ARSC T3E Users' Newsletter 125, September 12, 1997

Hardware Upgrade Scheduled for ARSC T3E

Yukon will receive the following hardware upgrade later this month:


  Current Configuration            Upgrade Plan
  ----------------------           -------------------------
  96 PEs (88 User PEs)             104 PEs (Total User PEs--TBA)
  128 MB/PE                        256 MB/PE
  300 MHz clock                    450 MHz clock

An important effect of this upgrade will be to make yukon streams safe .

Yukon users: MOTD and news will keep you up-to-date on the downtime plan. The upgrade and testing process is scheduled to begin on Sunday 9/21 and will take approximately 2 days.

File Assignment: Dangerous but Useful

The assign command lets you modify many of the characteristics with which files associated with Fortran file unit numbers will be opened. For instance:


  # Name of file associated with unit 41 will be "junk.text".
  assign -a junk.text u:41               

  # Numeric data in unit 41 will be in IEEE format.
  assign -N IEEE u:41               

ASNUNIT and ASSIGN are equivalent Fortran callable subroutines. For instance:


  CALL ASNUNIT (41, "-a junk.text", IERR)

  CALL ASNUNIT (41, "-N IEEE", IERR)

This is very useful. With one little command (or a simple code change), your old executable can write in IEEE format, read from files with new names, and handle a variety of other situations (see man assign ).
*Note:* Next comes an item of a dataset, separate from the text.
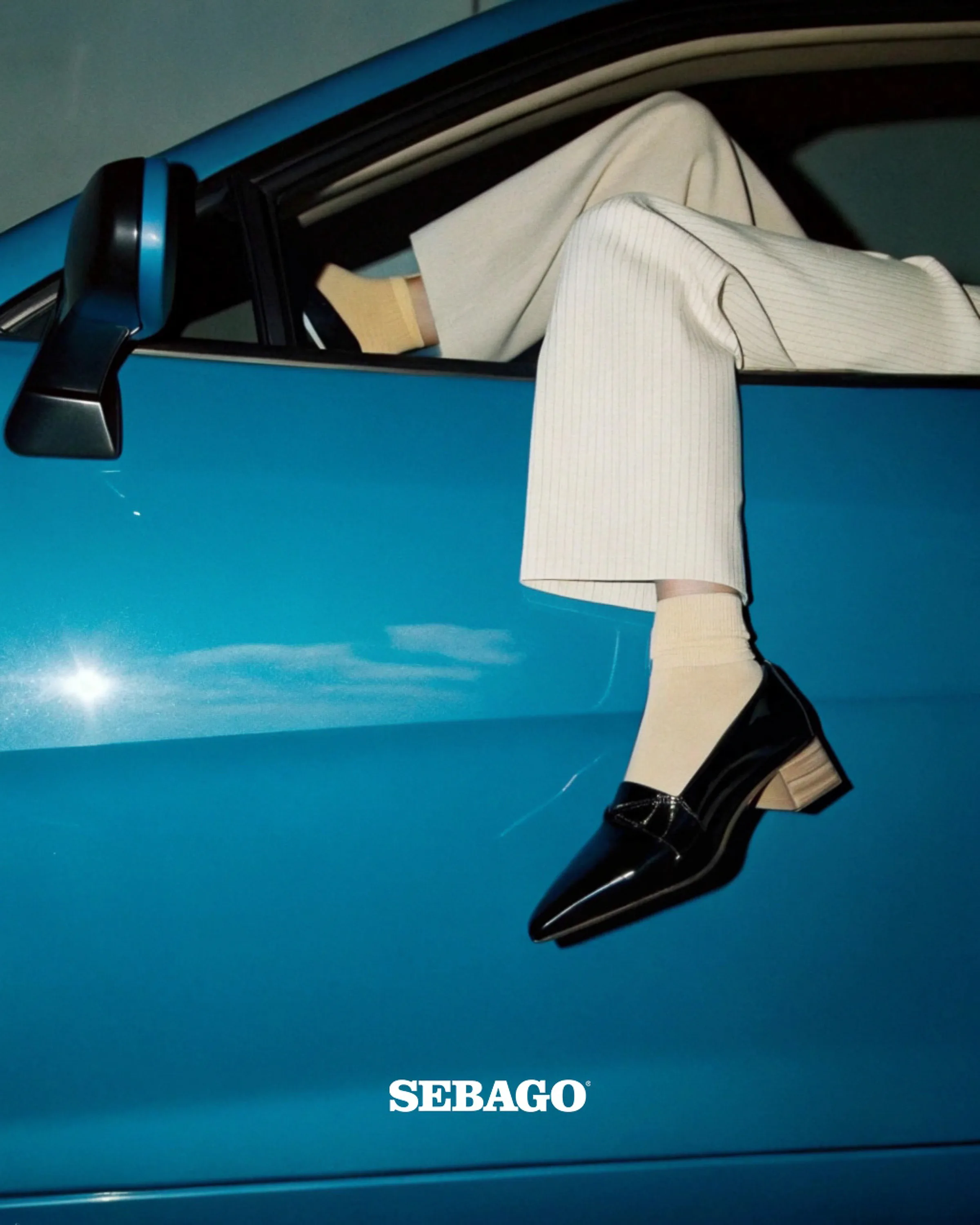 AI image of legs in cream pinstripe trousers and black patent loafers hanging from a blue car window. Sebago AI Concept.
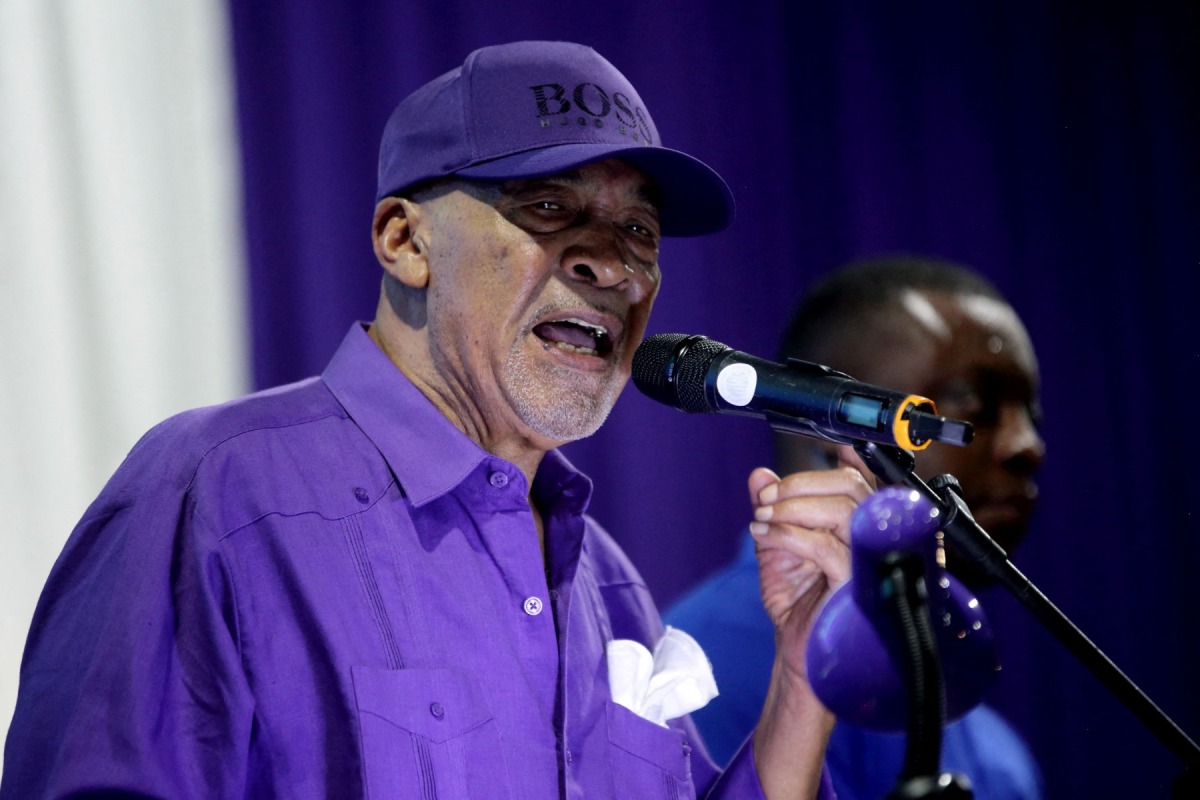 (FILES) Suriname's former President Desi Bouterse speaks during a rally at his NDP party centre, where he asked supporters to calmly wait for the High Court of Justice verdict in his appeals case against the Court Martial, in Paramaribo, on December 16, 2023. (Photo by Ranu Abhelakh / AFP)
This is also very dangerous, as one of ARSC's biggest users discovered recently. He learned that assignments (made either way) are not cleared after first use or program termination, as he had assumed. They persist and affect later runs of any Fortran program which uses that same unit numbers. Suddenly, one of his programs (which had always worked) started crashing because of an earlier, forgotten assignment.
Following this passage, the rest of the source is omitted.